Exercise brief: Starting at the line with "Tiny photo for" and ending at the line with "Diego, CA 92128", print exactly the lines of the entries below. Pictures do not belong in the copy.

Input for this task:
------------
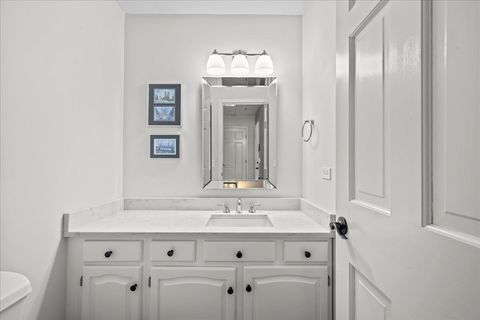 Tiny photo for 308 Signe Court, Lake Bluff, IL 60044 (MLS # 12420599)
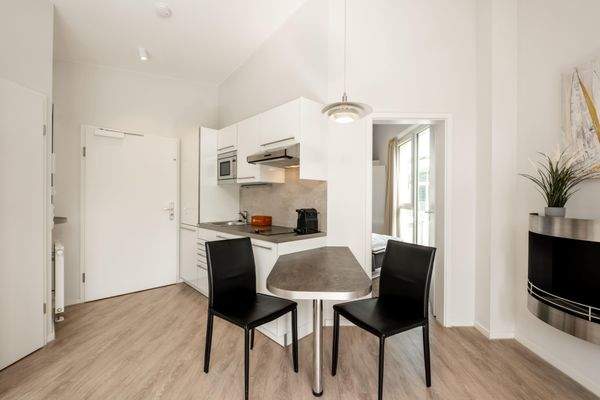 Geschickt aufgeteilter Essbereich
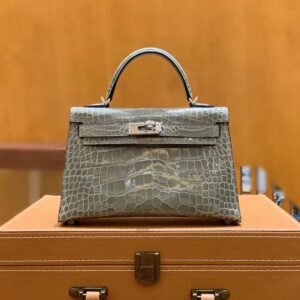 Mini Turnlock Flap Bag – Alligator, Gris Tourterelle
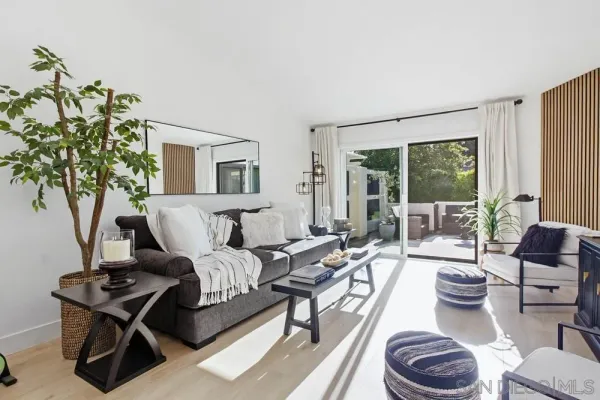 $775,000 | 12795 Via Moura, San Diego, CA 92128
------------
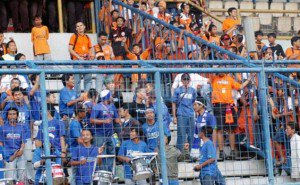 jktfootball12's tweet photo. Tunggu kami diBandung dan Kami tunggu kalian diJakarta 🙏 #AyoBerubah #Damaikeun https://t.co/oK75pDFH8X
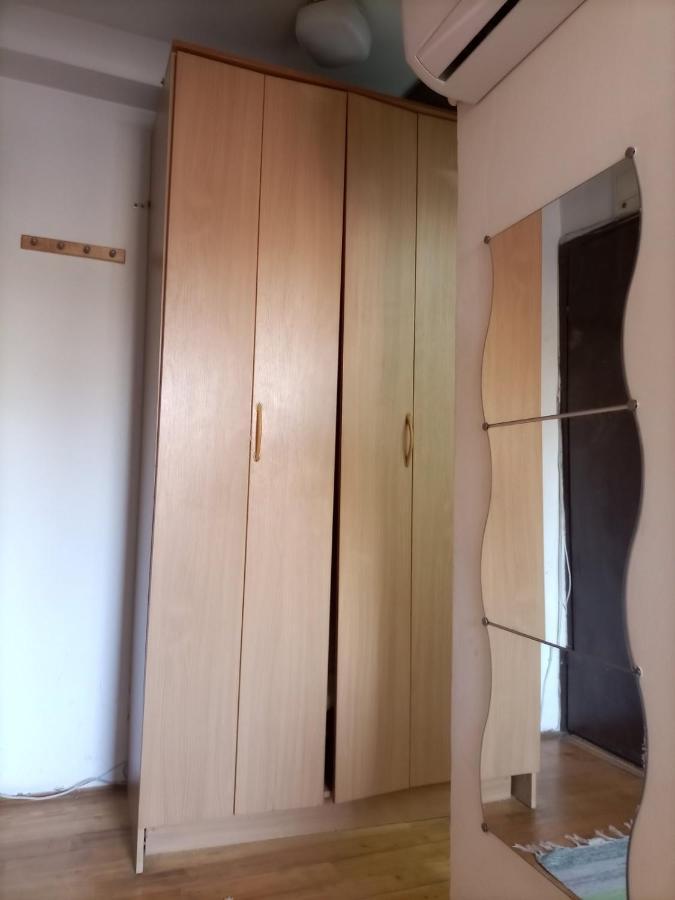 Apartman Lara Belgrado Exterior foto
------------
Exercise answer:
 Tiny photo for 308 Signe Court, Lake Bluff, IL 60044 (MLS # 12420599)
 Geschickt aufgeteilter Essbereich
 Mini Turnlock Flap Bag – Alligator, Gris Tourterelle
 $775,000 | 12795 Via Moura, San Diego, CA 92128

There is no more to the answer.